TNI AL-Puspenerbal (19/4/2016)Pusat Penerbangan TNI Angkatan Laut (Puspenerbal) mengirimkan tiga delegasi terbaiknya yaitu Letkol Laut (P) Bani Safangat, Letkol Laut (P) Candra Tri, dan Lettu Laut (P/W) Rineke Avi, ke Turkish Airforce Base, Ankara, untuk menjalani pelatihan simulator tingkat lanjut di Havelsan Training Service. Fokus utama dari misi strategis pada 4–11 April 2026 ini adalah memperkuat kualifikasi internasional personel Wing Udara 2 dalam menguasai prosedur darurat ekstrem pada platform CN235, sebuah alutsista krusial yang menuntut kesiapan teknis dan psikologis tingkat tinggi di atas medan maritim.
Pelatihan ini melibatkan skenario high-risk yang mustahil dipraktikkan pada pesawat asli, mulai dari Two Engine Fail in Flight yang memaksa pilot mengelola gliding ratio tanpa daya dorong, hingga penanganan Hydraulic Fail dan pendaratan dalam kondisi Cross Wind 20 Knots.
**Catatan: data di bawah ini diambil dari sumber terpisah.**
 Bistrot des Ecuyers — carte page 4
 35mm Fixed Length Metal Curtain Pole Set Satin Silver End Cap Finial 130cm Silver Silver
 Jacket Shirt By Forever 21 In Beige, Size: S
Penguasaan materi teknis seperti Engine Flame Out After Take Off di fasilitas Level D Havelsan ini dirancang untuk mempertajam muscle memory para penerbang, sehingga setiap anomali aerodinamika dapat diatasi dengan tenang, presisi, dan terukur demi menjamin keselamatan personel serta material.
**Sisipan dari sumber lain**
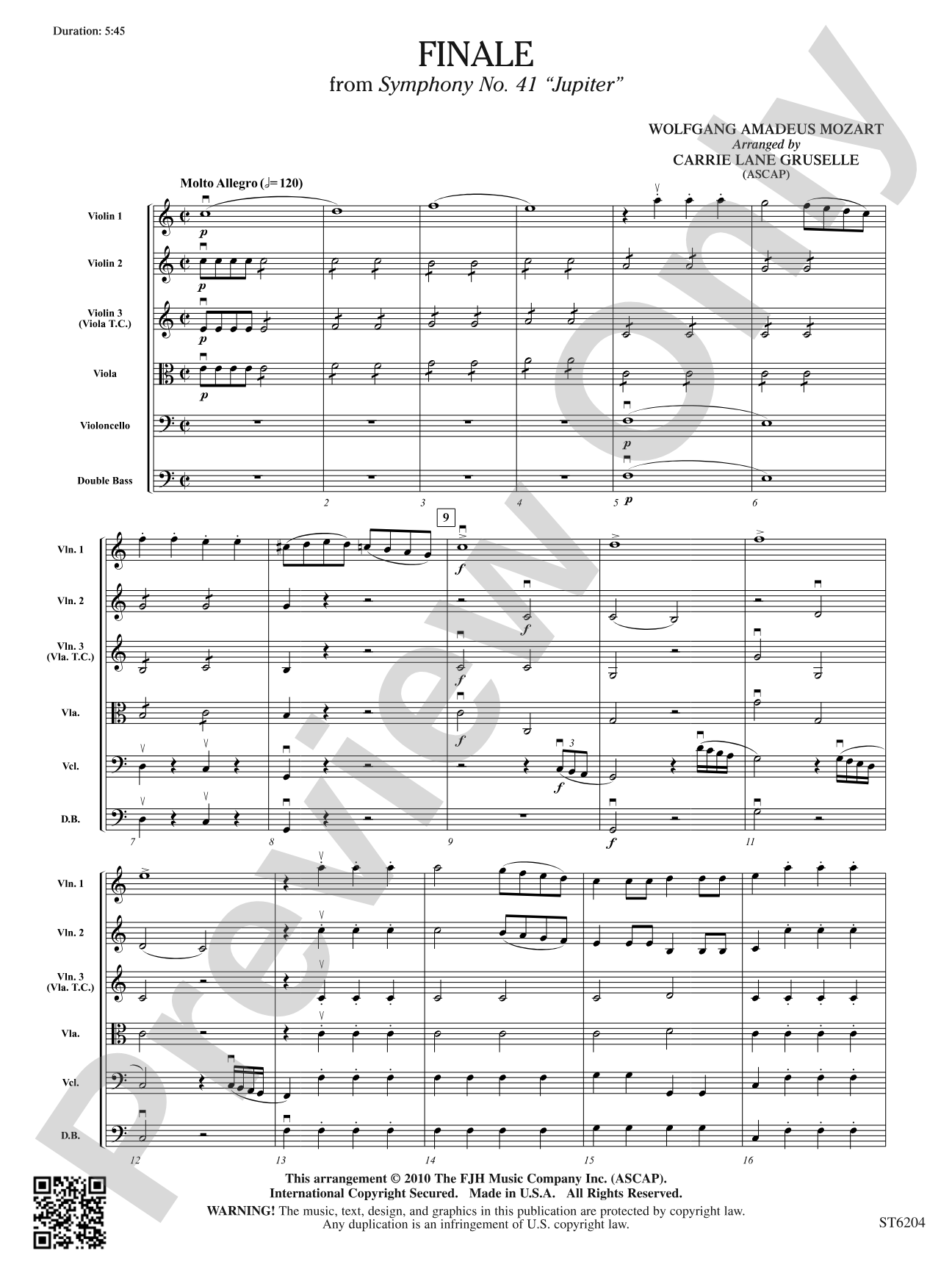 Finale from Symphony No. 41 "Jupiter": String Orchestra Conductor Score & Parts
Komandan Puspenerbal, Laksda TNI Bayu Alisyahbana, bersama Danwing Udara 2, Kolonel Laut (P) Oscar Johanes Novie, menegaskan bahwa investasi pada kompetensi manusia adalah pilar utama kekuatan udara maritim yang modern. Sekembalinya ke tanah air, ilmu dari Ankara ini diinstruksikan untuk segera diintegrasikan ke dalam SOP skuadron guna menciptakan standar profesionalisme baru. Langkah ini mempertegas komitmen Puspenerbal dalam mentransformasi kekuatan yang tidak hanya unggul dalam operasional normal, namun juga tangguh dan andal dalam menghadapi situasi krisis di cakrawala nusantara.